Ms. Yates, the deputy
attorney general under President Barack Obama, signed the first warrant
application. But subsequent filings were approved by members of Mr.
Trump’s own administration: the acting attorney general, Dana J. Boente,
and then Rod J. Rosenstein, the deputy attorney general.
“Folks
are very, very careful and serious about that process,” Ms. Yates said.
“I don’t know of anything that gives me any concerns.”
After
months of investigation, Mr. Papadopoulos remained largely a puzzle.
And agents were nearly ready to close their investigation of Mr. Flynn,
according to three current and former officials. (Mr.
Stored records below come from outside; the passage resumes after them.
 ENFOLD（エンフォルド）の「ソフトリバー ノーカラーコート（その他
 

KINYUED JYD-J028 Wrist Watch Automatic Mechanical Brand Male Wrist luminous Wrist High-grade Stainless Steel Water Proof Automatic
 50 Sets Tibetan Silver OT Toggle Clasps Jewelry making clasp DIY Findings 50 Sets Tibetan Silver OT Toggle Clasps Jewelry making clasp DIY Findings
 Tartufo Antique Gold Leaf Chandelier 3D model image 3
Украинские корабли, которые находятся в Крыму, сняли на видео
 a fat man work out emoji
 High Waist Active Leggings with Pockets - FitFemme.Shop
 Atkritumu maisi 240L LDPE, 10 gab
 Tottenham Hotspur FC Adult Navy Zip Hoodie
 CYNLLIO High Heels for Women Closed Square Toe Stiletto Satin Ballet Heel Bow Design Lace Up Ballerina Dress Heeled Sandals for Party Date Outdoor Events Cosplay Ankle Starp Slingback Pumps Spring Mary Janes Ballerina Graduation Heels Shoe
Flynn rekindled
the F.B.I.’s interest in November 2016 by signing an op-ed article that
appeared to be written on behalf of the Turkish government, and then
making phone calls to the Russian ambassador that December.)
In
late October, in response to questions from The Times, law enforcement
officials acknowledged the investigation but urged restraint. They said
they had scrutinized some of Mr. Trump’s advisers but had found no proof
of any involvement with Russian hacking. The resulting article,
on Oct. 31, reflected that caution and said that agents had uncovered
no “conclusive or direct link between Mr. Trump and the Russian
government.”
The key fact of the
article — that the F.B.I. had opened a broad investigation into possible
links between the Russian government and the Trump campaign — was
published in the 10th paragraph.
A
year and a half later, no public evidence has surfaced connecting Mr.
Trump’s advisers to the hacking or linking Mr. Trump himself to the
Russian government’s disruptive efforts. But the article’s tone and
headline — “Investigating Donald Trump, F.B.I. Sees No Clear Link to
Russia” — gave an air of finality to an investigation that was just
beginning.
Democrats say that article
pre-emptively exonerated Mr. Trump, dousing chances to raise questions
about the campaign’s Russian ties before Election Day.
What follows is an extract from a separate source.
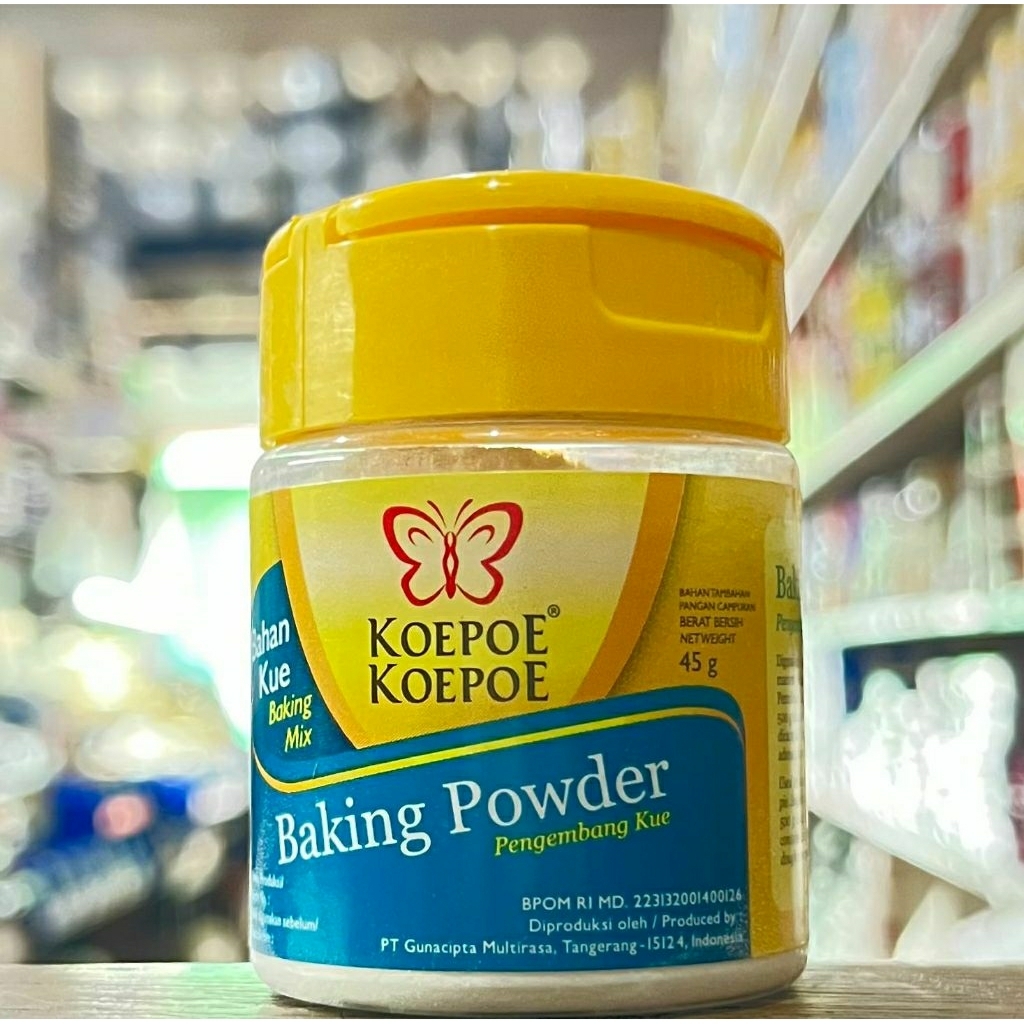 

Koepoe Koepoe Baking Powder 45gr / Pengembang Kue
Just as the F.B.I. has been criticized for its handling of the Trump investigation, so too has The Times.
For
Mr. Steele, it dashed his confidence in American law enforcement. “He
didn’t know what was happening inside the F.B.I.,” Glenn R. Simpson, the
founder of Fusion GPS, testified this year. “And there was a concern
that the F.B.I. was being manipulated for political ends by the Trump
people.”
Assurances Amid Doubt
Two
weeks before Mr. Trump’s inauguration, senior American intelligence
officials briefed him at Trump Tower in Manhattan on Russian hacking and
deception. They reported that Mr. Putin had tried to sow chaos in the
election, undermine Mrs. Clinton and ultimately help Mr. Trump win.
Then
Mr. Comey met with Mr. Trump privately, revealing the Steele reports
and warning that journalists had obtained them. Mr. Comey has said he
feared making this conversation a “J. Edgar Hoover-type situation,” with
the F.B.I. presenting embarrassing information to lord over a
president-elect.
In a contemporaneous
memo, Mr. Comey wrote that he assured Mr. Trump that the F.B.I.
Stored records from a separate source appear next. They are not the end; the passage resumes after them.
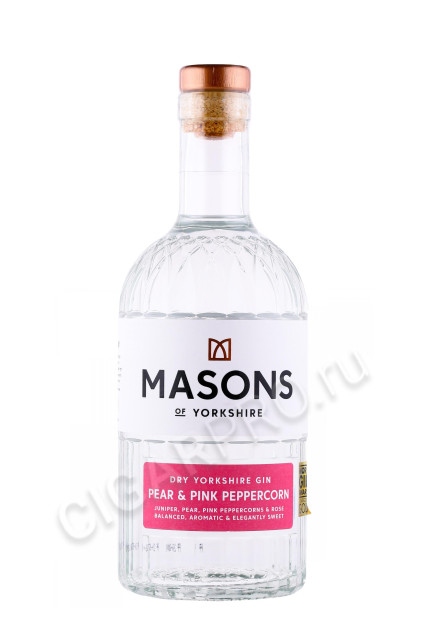 джин masons of yorkshire pear pink peppercorn 0.7л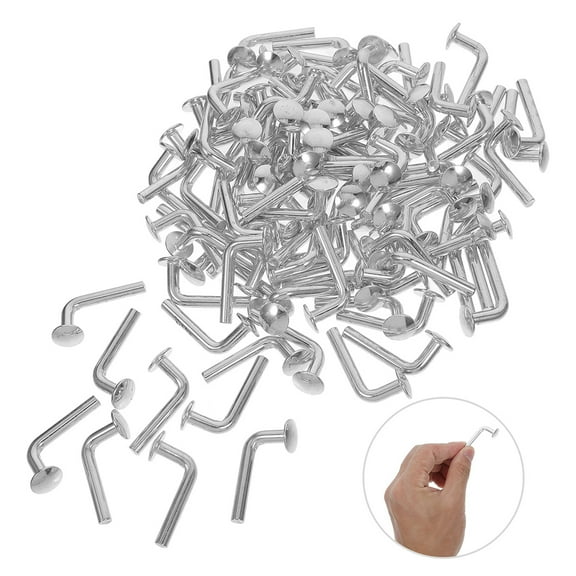 LEORX 50Pcs Pallet Rack Drop Pin for Wire Fencing and Warehouse Storage Galvanized Iron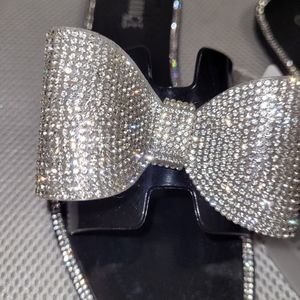 Rogue Helium bling sandals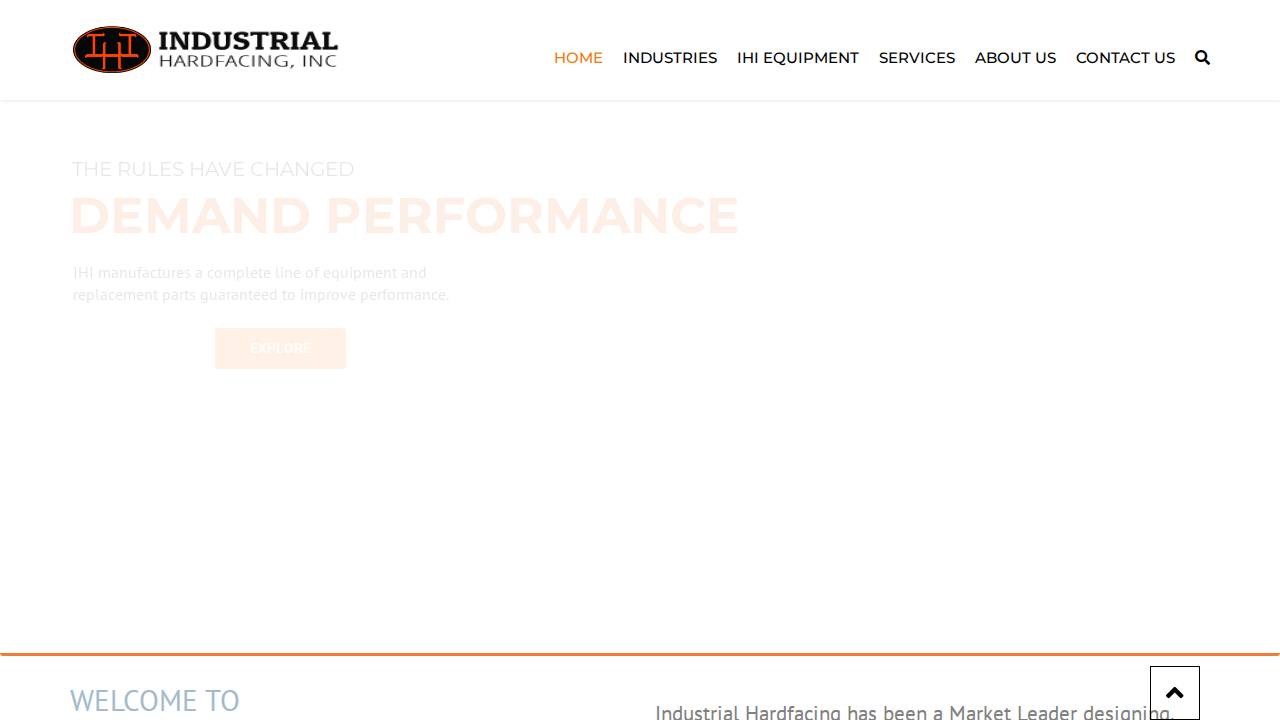 Industrial Hardfacing INC website screenshot
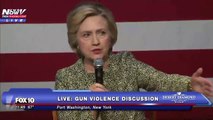 Hillary Clinton Attacks Bernie Sanders over gun immunity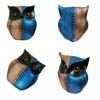 Modern Classy Lucky Owl Resin Art Figure Showpiece -(Pack of 1, Pink & Blue)
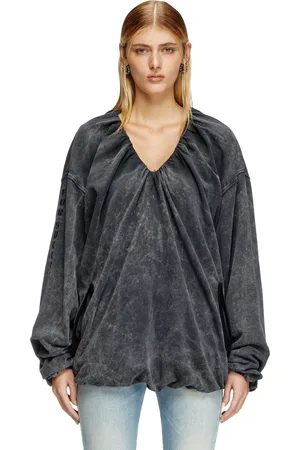 Diesel Felpa arricciata effetto bleach Felpa Donna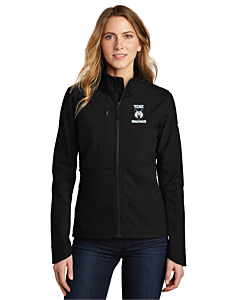 The North Face® Ladies' Castle Rock Soft Shell Jacket - Embroidery -TNF Black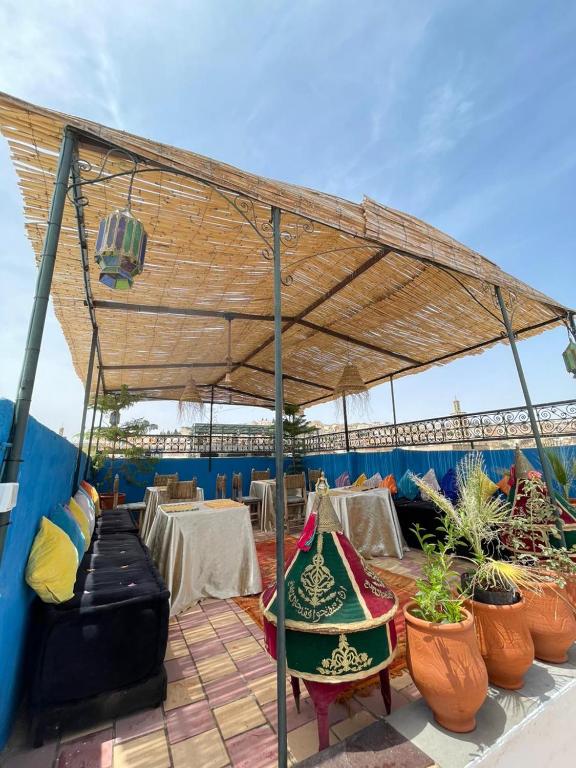 Balkón nebo terasa v ubytování Riad Blue Oasis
intended to protect him on this point. “I said media like CNN had them
and were looking for a news hook,” Mr. Comey wrote of Mr. Steele’s
documents. “I said it was important that we not give them the excuse to
write that the F.B.I. had the material.”
Mr.
Trump was not convinced — either by the Russia briefing or by Mr.
Comey’s assurances. He made up his mind before Mr. Comey even walked in
the door. Hours earlier, Mr. Trump told The Times that stories about
Russian election interference were being pushed by his adversaries to
distract from his victory.
And he debuted what would quickly become a favorite phrase: “This is a political witch hunt.”
Correction:
An
earlier version of this article misstated that news organizations did
not report on the findings of the retired British spy Christopher Steele
about links between Trump campaign officials and Russia. While most
news organizations whose reporters met with Mr. Steele did not publish
such reports before the 2016 election, Mother Jones magazine did.